Происходило подобное искание исчезнувшего угла, как правило, под утро, часа в четыре ночи, когда иссякал в крови алкогольный «движитель» и на поверхности угнетенного бессонницей мозга язычками синего пламени вспыхивали сомнения, страхи, отчаяние, а нередко и предгорячечные видения, когда происходящее, будто разбухший лед на весенней реке, ломалось, рушилось, сдвигалось.
— Ступали бы вы, дедушка, по своим делам, — посоветовал Мценский Митричу. — Ко мне вот сын пришел, демобилизовался, и вообще тесно.
— С войны пришел-то?

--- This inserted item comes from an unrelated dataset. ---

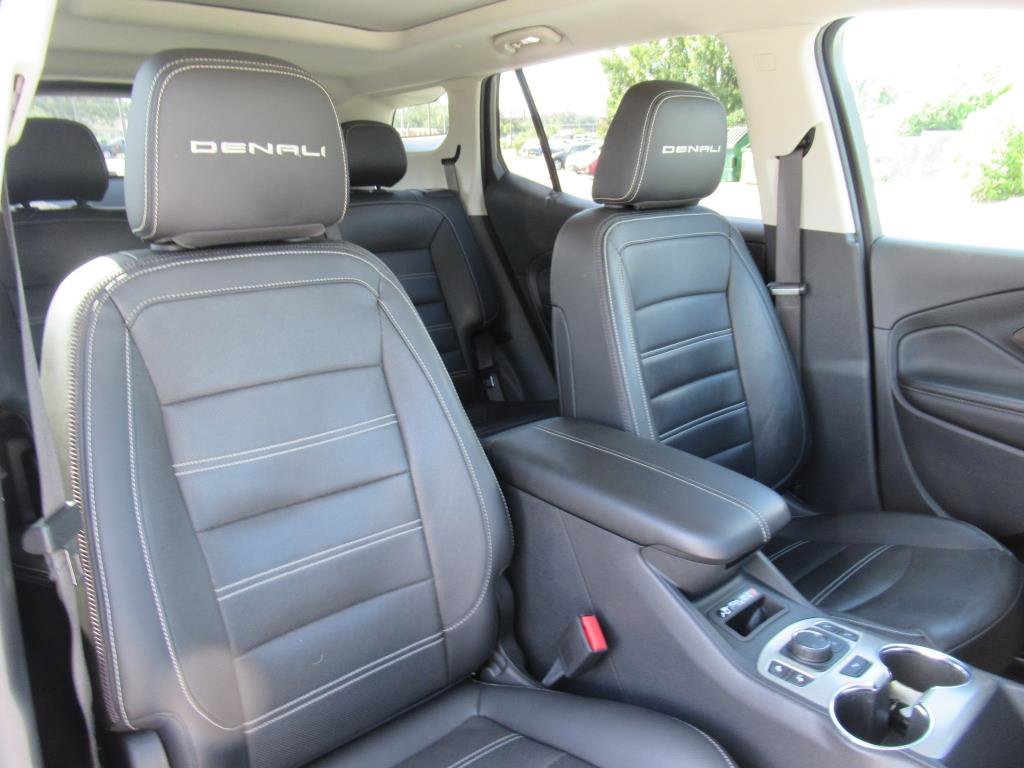 Used 2022 GMC Terrain Denali image 8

Отметить необходимо, — подал идею Митрич. — Хотите — сбегаю, покуль семи нету? Я мигом…
— Да что вы, право слово, — начал сердиться Мценский. — Какая сейчас война? Война в сорок пятом кончилась. А бегать тут и без вас есть кому.
— Ну, как знаете. Было бы предложено. Ко мне Альфредка должон прийти, вот бы и наладили его. Он еще шустрый, не смотри, что валерьянку глушит. Занятная комнатенка обнаружилась, сколь живу — ни сном ни духом про нее…

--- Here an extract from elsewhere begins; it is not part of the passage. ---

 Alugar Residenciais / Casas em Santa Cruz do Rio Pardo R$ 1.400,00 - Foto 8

Митрич зашуршал подошвами прочь. А Мценский тем временем осмотрелся, желая предложить сыну присесть.
Самое удивительное: в комнате у Мценского имелись кое-какие вещички. По себе знаю, еще с бродяжьих, послевоенных времен, как это весело и одновременно странно, неловко, даже конфузливо — после затяжного, казалось бы нескончаемого отсутствия у тебя личных вещей, средств, в том числе и куска хлеба, не говоря о недвижимости, ощутить себя владельцем имущества, определенного государством, пусть самого незначительного — скажем, настоящей, из магазина, кепки с ярким товарным ярлыком, фабричной марочкой или фибрового чемоданчика, не беда, что покамест порожнего, однако твоего, к тому же пахнущего «производственными» запахами и придающего шестнадцатилетнему ремесленнику некий социально-безнравственный шарм или даже комфорт.

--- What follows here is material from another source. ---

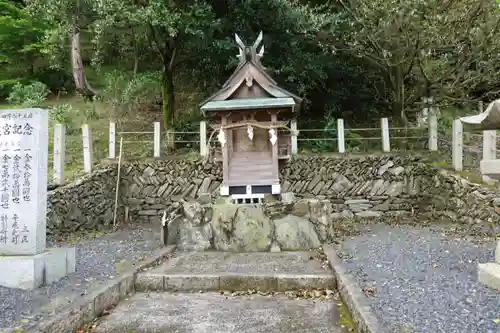 丹生酒殿神社の末社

Вот и для Мценского, вернувшегося живым после нескончаемой битвы с самим собой, ощутить себя владельцем было не просто: к этому времени где-то внутри появилась апатия ко всем так называемым жизненным благам. Хотелось презрительно отпихнуть с дороги все имущественное, семейное, обременяющее в скитаниях, отпихнуть и с гордой головой неунывающего люмпена, этакого горьковского Челкаша, осваивать очередную жизненную полосу препятствий. Так оно проще. Имущество обязывало. За него приходилось переживать, отвечать, а то и краснеть. Вот если бы сразу дворец с лимузином у входа — тогда другое дело, а то продавленная тахта всего лишь и пара списанных с баланса колченогих табуреток из близлежащего «Кафе-мороженого». Что ни говори, а силы были уже не те… бунтовать, «челкашить». Привлекало если и не смирение, то покой. Хотя бы в глубине старого дивана. Так сказать, поздняя, на излете сил, обломовщина.
На третьей стене (первая стена с дверью, вторая — по правую руку от первой — с окном, и третья, замыкающая треугольник), — так вот на этой третьей стене, косой и неровной, с выпуклостями и впадинами, на махоньком гвоздочке висела, тускло поблескивая, металлическая, с остатками голубой эмали, иконка. Квадратная, сантиметров этак десяти по периметру. Если всмотреться, можно различить и сюжет: некто на колеснице, погоняя огненногривых лошадок, разъезжает по небесным облакам (по остаткам эмали). От облаков на грешную землю падает косой дождь. Животворный. Это старается Илья-пророк, один из популярнейших (после Николы-угодника) на святой Руси священных персонажей.
— Это что, икона? — поинтересовался Игорек, подойдя к старинной бронзовой отливке и внимательно к ней приглядываясь, скорей всего — из чувства неловкости, чтобы таким образом отвлечься от мучительного процесса сближения с незнакомым отцом, передохнуть от тяжкого труда вживания в утраченное состояние некогда близких людей — отца и сына.
— Эту вещь моя мамаша принесла, твоя бабка Аннушка! — внезапно не вспомнил, но как бы догадался Мценский. — Она ведь была у меня перед моей болезнью. Я тогда уже плохо соображал, что к чему. И не оказал ей должного внимания. Не угостил и все такое прочее.